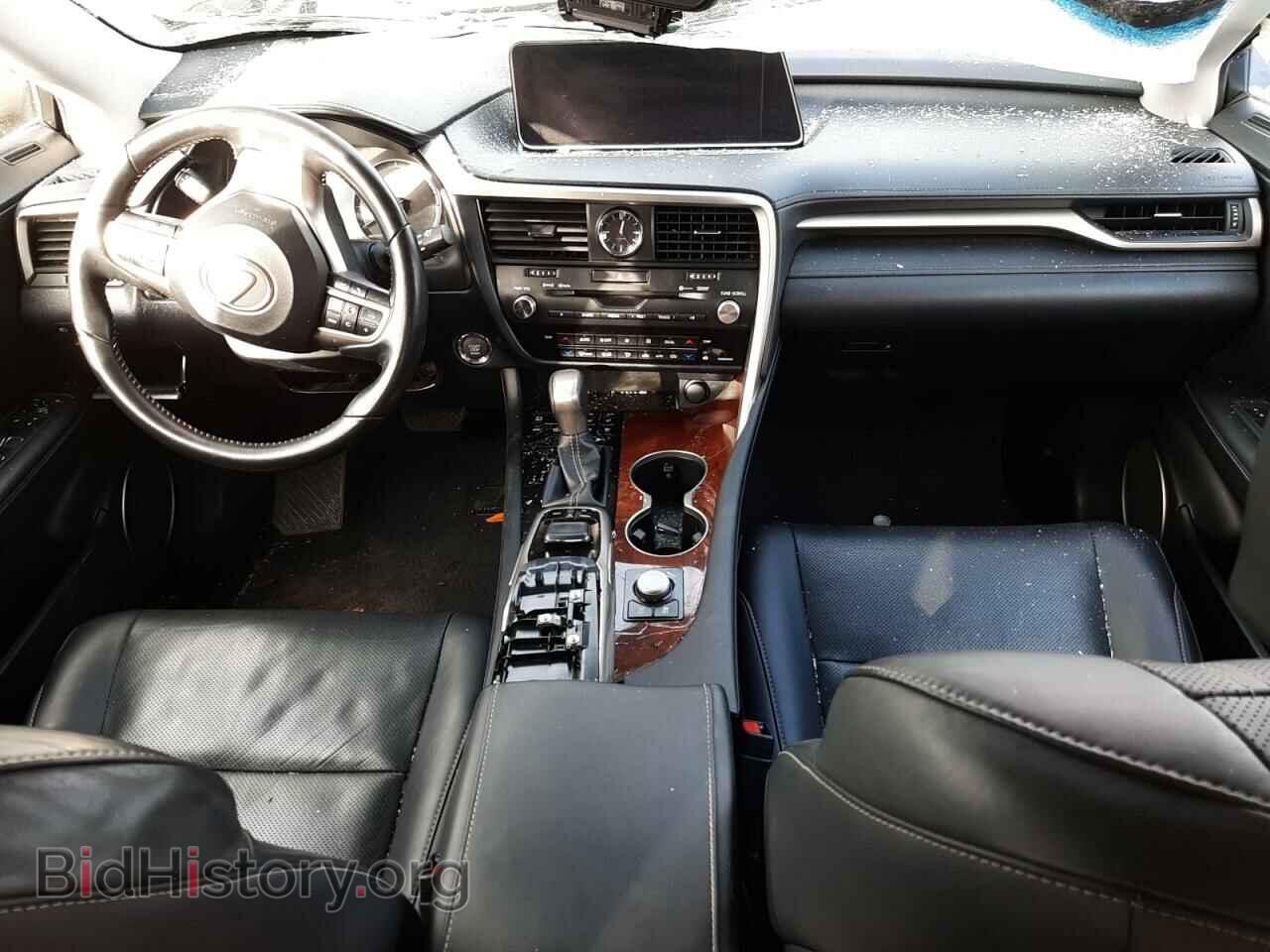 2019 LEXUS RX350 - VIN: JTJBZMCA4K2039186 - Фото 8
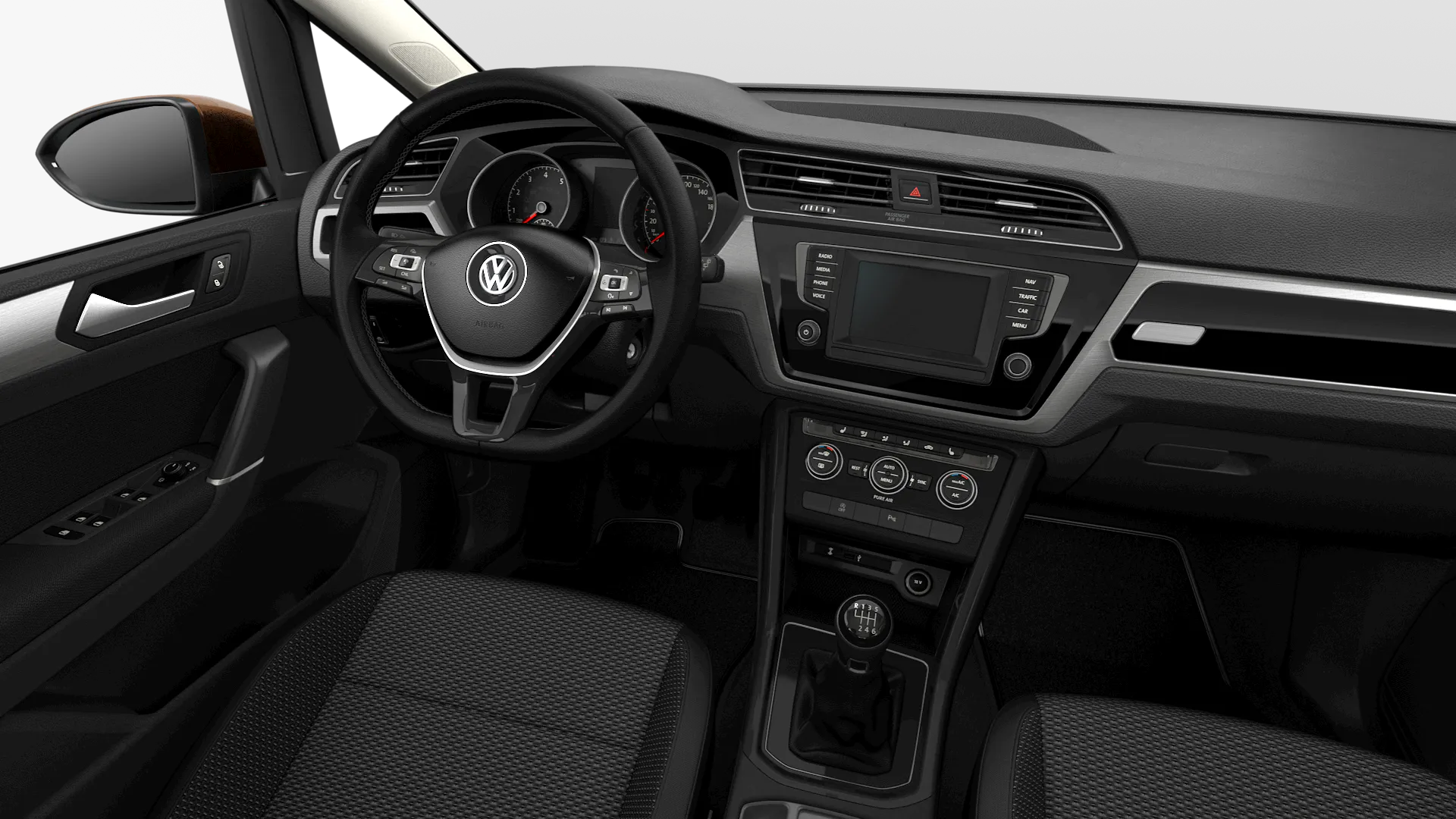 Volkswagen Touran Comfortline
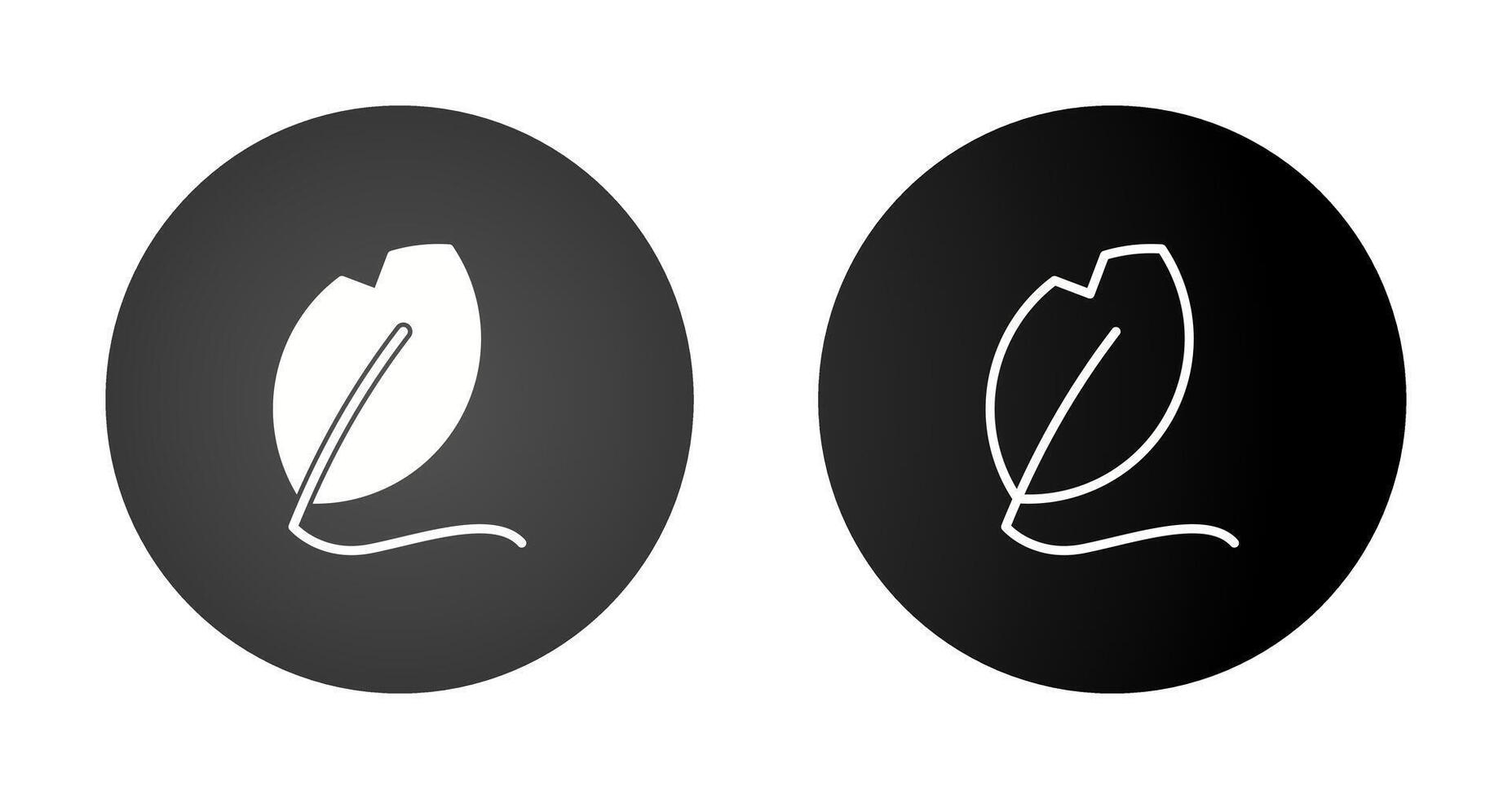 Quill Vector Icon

**YOUR TASK:**
The required output consists only of the lines from the one containing "Volkswagen Touran Comfortline" to the last line of the material, reproduced exactly, pictures excluded.

**EXERCISE ANSWER:**
 Volkswagen Touran Comfortline
 Quill Vector Icon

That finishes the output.